#### PROMPT:
Can you transcribe the data exactly? Leave the pictures out.

#### ENTRIES PROVIDED:
--- START ---

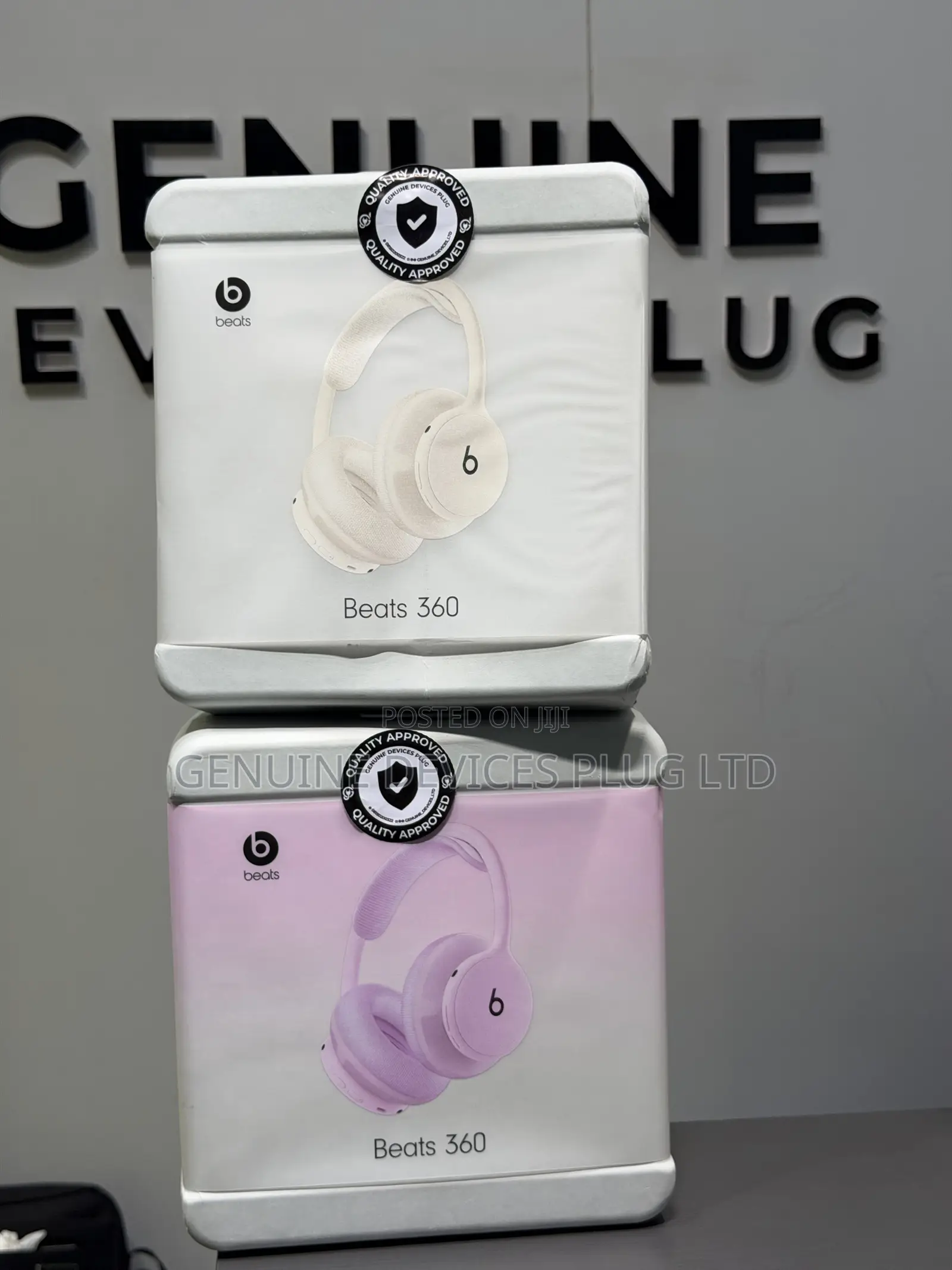 Beats 360 Headphones With Changeable Cushions Sweat & Water Resistance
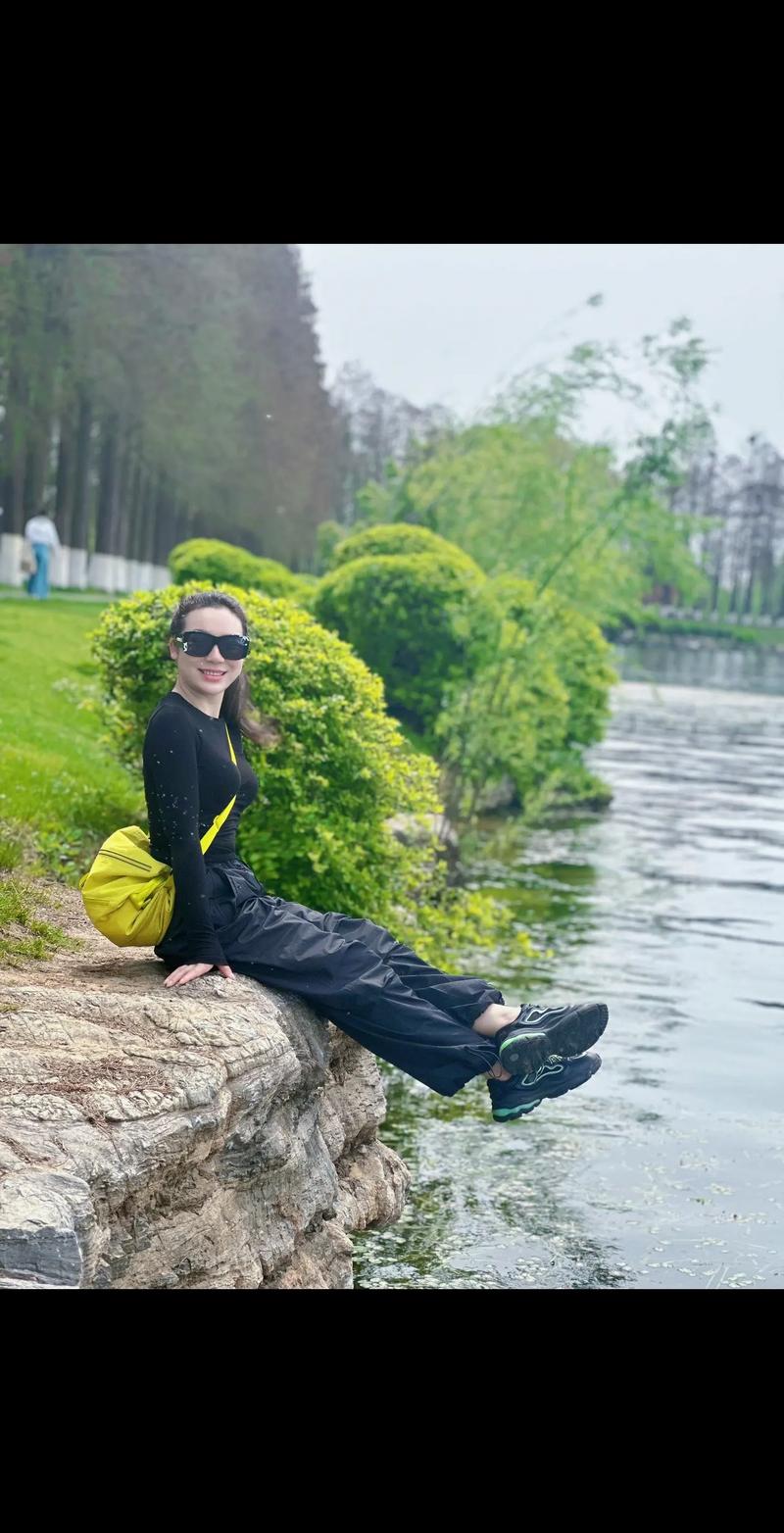 阳光明媚的一天，我在公园里拍了一张美美的自拍！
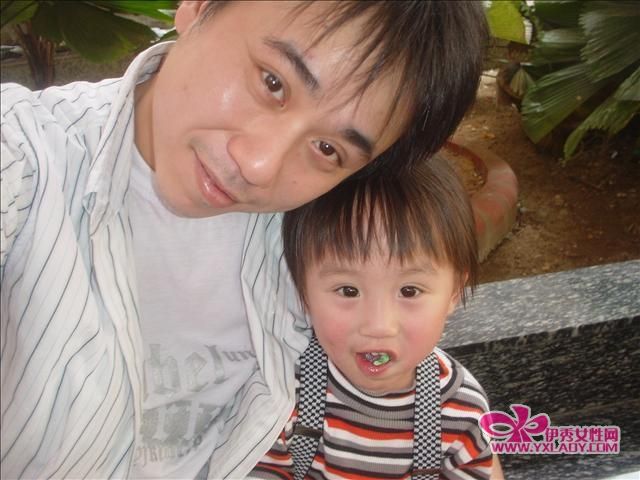 【图】杯具!小小彬彬拍戏养爸爸 其父夜店找小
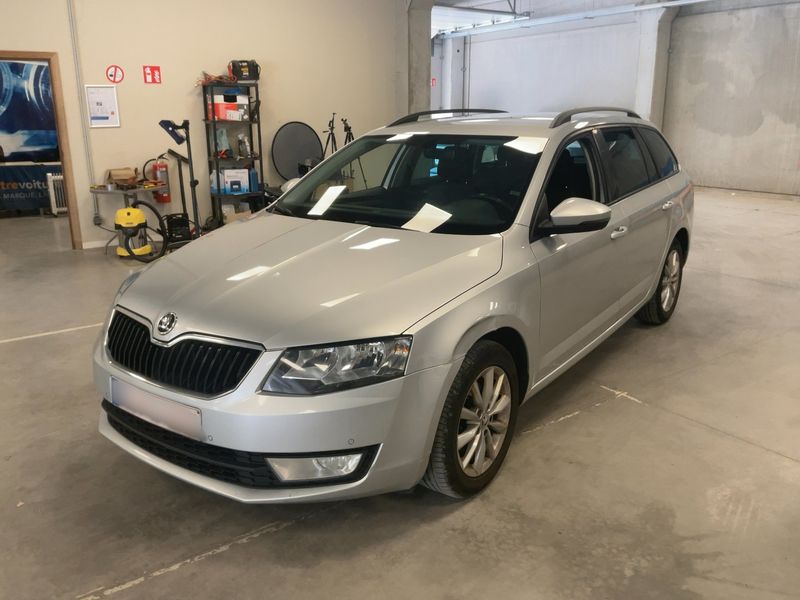 Skoda Octavia 1.6 TDI — 1/8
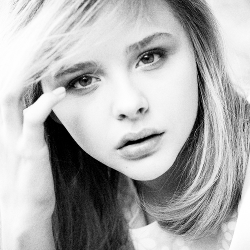 suicideblonde:   Chloe Moretz  iVoyeur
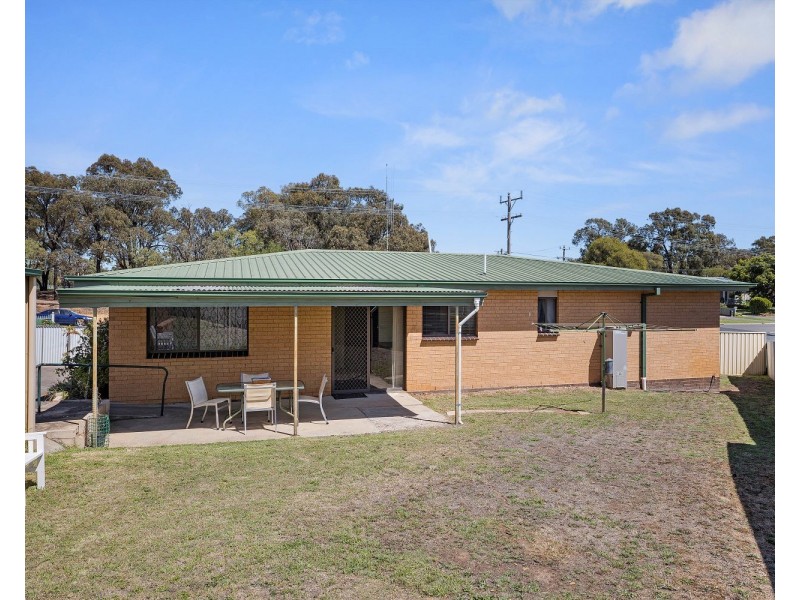 13 Green Street, California Gully VIC 3556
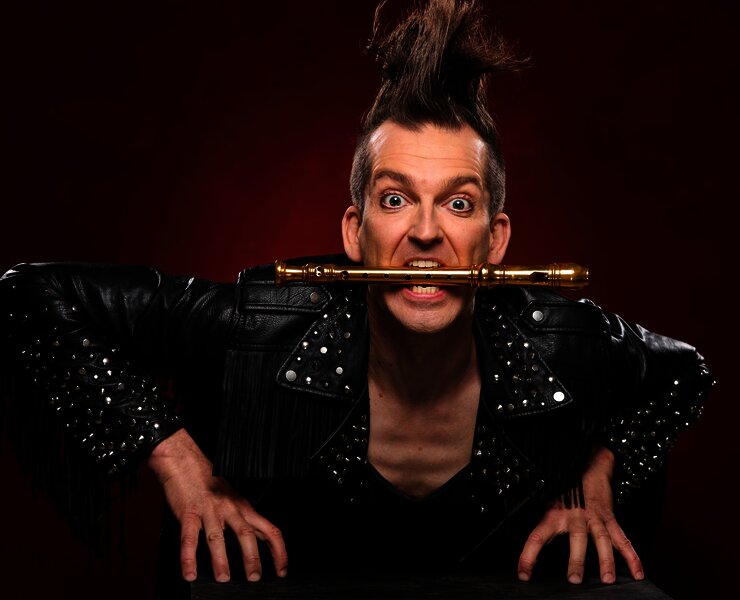 Gabor Vosteen mit Flöte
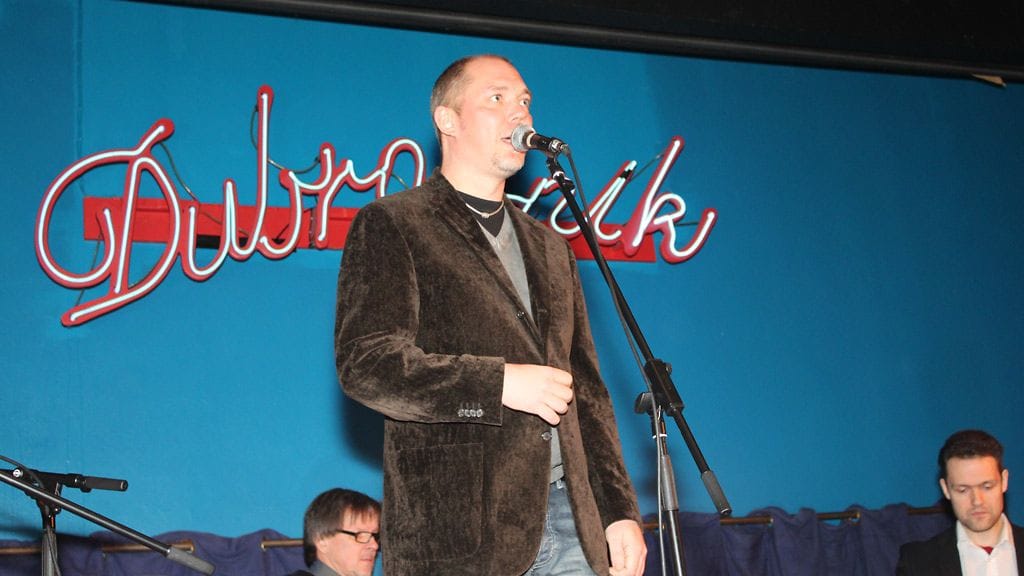 Kari Tapion poika Jani Jalkanen keikalla Helsingissä.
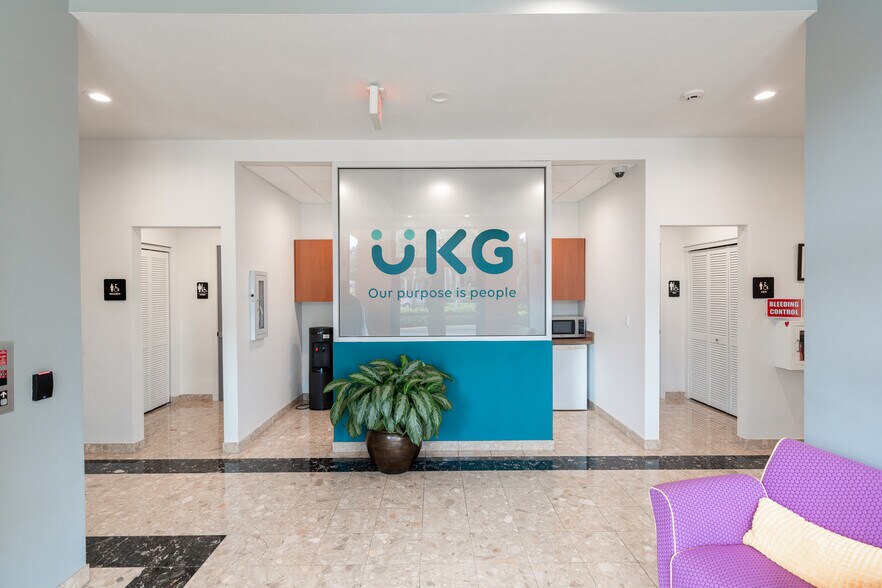 More Photos Of 2002 Ultimate Way, Weston Office For Lease
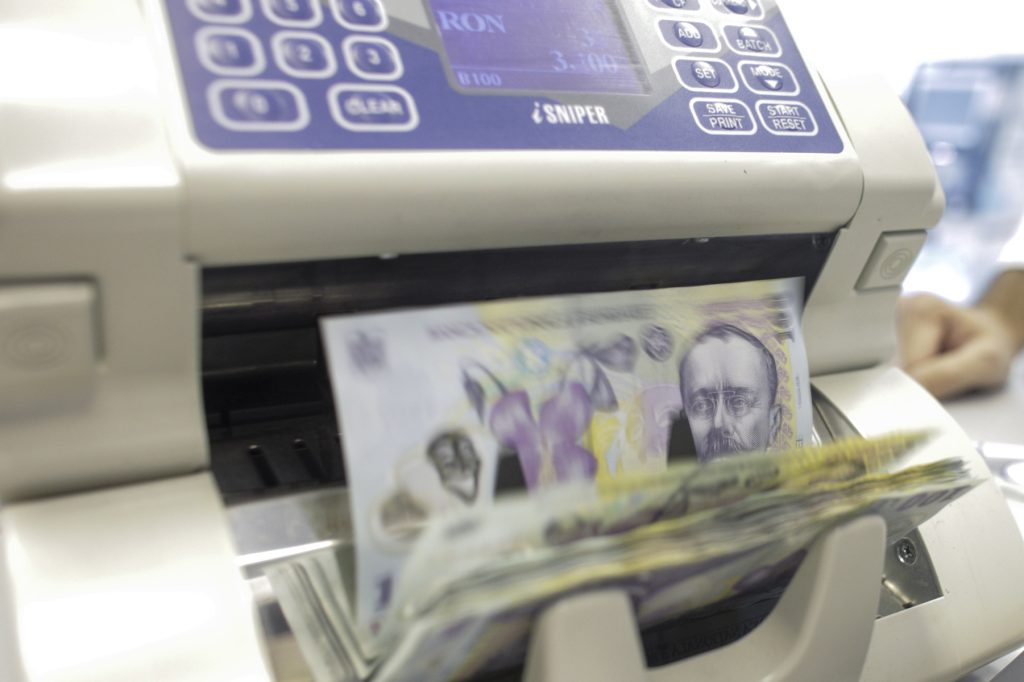 Primarul Bacăului, anunț de austeritate: Banii, înghițiți de stat!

--- END ---

#### YOUR SOLUTION:
 Beats 360 Headphones With Changeable Cushions Sweat & Water Resistance
 阳光明媚的一天，我在公园里拍了一张美美的自拍！
 【图】杯具!小小彬彬拍戏养爸爸 其父夜店找小
 Skoda Octavia 1.6 TDI — 1/8
 suicideblonde:   Chloe Moretz  iVoyeur
 13 Green Street, California Gully VIC 3556
 Gabor Vosteen mit Flöte
 Kari Tapion poika Jani Jalkanen keikalla Helsingissä.
 More Photos Of 2002 Ultimate Way, Weston Office For Lease
 Primarul Bacăului, anunț de austeritate: Banii, înghițiți de stat!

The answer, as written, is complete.